When considering a proposal for a zoning/land use change, how does one weigh the interest of a business, in relation to the interest of the homeowner?

I cite the case of the Pacific Arbour Retirement Communities’ Letter of Enquiry for their proposed land use for the 4600 block of Dunbar Street. This comes at a time when the City appears to be focused on increased land use density, in the interest of housing affordability.

Our community based Dunbar Vision Plan calls for land use of the nature proposed by Pacific Arbour to be built to a maximum of four stories in the village of Dunbar (commercial area).

Costco

Your planning group, in weighing this proposal, obviously will look to the adjacent commercial area for context. They will see one story commercial  zoned structures lining Dunbar, offering plenty of viable commercial potential. What might be less evident is the economic viability of this current land use. Businesses in Dunbar face the retail challenges of a changing buyer demographic, of big box retailers in the suburbs, and more recently a greater assault on “bricks and mortar” establishments, online, in home buying eg. Costco Online. Existing Dunbar businesses are dealing with an ever increasing rental burden, in the face of declining sales.
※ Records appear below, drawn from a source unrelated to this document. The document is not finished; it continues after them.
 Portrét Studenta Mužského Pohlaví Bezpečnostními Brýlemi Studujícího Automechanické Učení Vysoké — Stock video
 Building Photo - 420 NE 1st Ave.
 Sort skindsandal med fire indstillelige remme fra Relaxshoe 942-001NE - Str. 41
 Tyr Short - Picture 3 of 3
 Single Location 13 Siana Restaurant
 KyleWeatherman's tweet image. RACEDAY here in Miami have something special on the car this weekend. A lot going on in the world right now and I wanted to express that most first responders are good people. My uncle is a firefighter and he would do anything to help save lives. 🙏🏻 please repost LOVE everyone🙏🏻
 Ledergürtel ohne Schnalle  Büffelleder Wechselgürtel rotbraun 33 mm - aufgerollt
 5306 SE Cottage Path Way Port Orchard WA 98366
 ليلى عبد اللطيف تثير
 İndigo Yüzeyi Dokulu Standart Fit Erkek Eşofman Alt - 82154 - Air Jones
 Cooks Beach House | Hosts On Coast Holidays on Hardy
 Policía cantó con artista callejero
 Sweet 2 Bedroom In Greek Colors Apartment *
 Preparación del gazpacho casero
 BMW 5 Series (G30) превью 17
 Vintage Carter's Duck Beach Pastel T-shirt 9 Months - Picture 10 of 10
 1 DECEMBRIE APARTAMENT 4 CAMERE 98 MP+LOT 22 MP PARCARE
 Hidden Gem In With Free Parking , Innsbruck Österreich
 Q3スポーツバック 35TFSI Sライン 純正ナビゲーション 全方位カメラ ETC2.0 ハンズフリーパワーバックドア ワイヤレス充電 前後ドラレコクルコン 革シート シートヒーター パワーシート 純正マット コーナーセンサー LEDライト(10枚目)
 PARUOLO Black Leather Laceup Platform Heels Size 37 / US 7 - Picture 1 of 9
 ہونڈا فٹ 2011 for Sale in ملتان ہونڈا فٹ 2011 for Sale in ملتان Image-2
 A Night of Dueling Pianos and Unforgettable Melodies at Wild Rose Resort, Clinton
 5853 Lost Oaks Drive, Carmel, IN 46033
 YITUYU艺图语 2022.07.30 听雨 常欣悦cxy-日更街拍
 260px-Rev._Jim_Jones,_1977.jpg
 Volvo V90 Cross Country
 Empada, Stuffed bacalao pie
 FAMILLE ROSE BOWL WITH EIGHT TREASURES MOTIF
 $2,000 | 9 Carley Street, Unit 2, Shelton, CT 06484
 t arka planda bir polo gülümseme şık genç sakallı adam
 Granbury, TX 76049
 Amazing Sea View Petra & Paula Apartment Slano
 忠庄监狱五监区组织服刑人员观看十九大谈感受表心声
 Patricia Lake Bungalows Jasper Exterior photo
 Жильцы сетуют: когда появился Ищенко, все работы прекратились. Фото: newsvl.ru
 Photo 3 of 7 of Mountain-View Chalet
Is the commercial sprawl to the 4600 block of Dunbar warranted, when common sense suggests a revitalization of the existing commercial area is necessary, even crucial, to avoid a pending economic ghettoization of Dunbar Street. Even the City, as a landlord,Dunbar Apartments has its retail space at 16th and Dunbar  vacant since the building opened back in September. (Perhaps the wisdom of ground floor retail could be reconsidered for a seniors residence in the village given existing vacancy rates.)

Should the homeowners in and around the 4600 block of Dunbar be subjected to land use change in their neighbourhood, for the sake of a business proposal which is clearly in the wrong location? The fact that this concern has managed to assemble a parcel of land should have less significance, than the need for revitalization in the village proper. One can merely walk through the village to see that the proposed development located within the village would fit like the proverbial “hand in glove”.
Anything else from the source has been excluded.